These are for Canada and the United States.
In the United States, separation of powers has caused the Presidency to absorb all of the attention during election time. This is the key aspect that needs fixing. As a result, the simple proposal I have is to replace the Electoral College with Congress.
This means the total number of Senators and House Representatives each party gets will determine which party's candidate wins the Presidency.
It will force the parties to have a consistent policy and to pick someone they can work with.
In Canada, we sort of need the opposite. So much attention is paid to the Prime Minister, we should be electing them directly. Therefore, added to a proportionally elected house, would be a "slate" of candidates.
Each slate would be lead by a candidate for Prime Minister. Each slate would have 34 other members in it, chosen by the party.
All 45 of these candidates would also be running in individual ridings.
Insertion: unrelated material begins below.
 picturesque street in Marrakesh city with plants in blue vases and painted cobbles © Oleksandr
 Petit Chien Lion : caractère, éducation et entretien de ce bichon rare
Like the Montreal system, each of these people would have a "co-candidate" or "running mate" who will take the seat should the person be elected to the Slate and not the Riding.
Canadians would vote not only for MP, but also for which slate they feel should win. The slate elections would be preferential, and whichever slate (and Prime Minister candidate) wins 50%+1 of the vote, gets elected to Parliament in addition to all the MPs.
As a quick and dirty example, lets presume the last election, proportionally, elected 147 Liberals, 118 Tories, and 73 New Democrats. Now lets presume Trudeau's slate wins.
This produces 192 Liberals, 118 Tories, and 73 New Democrats, a very narrow majority.
In effect, if the Prime Minister is able to get 40% of the country to vote for him, he can get a majority in the house. Canadians main concerns about PR is that it would mean endless minority governments; this helps fix that.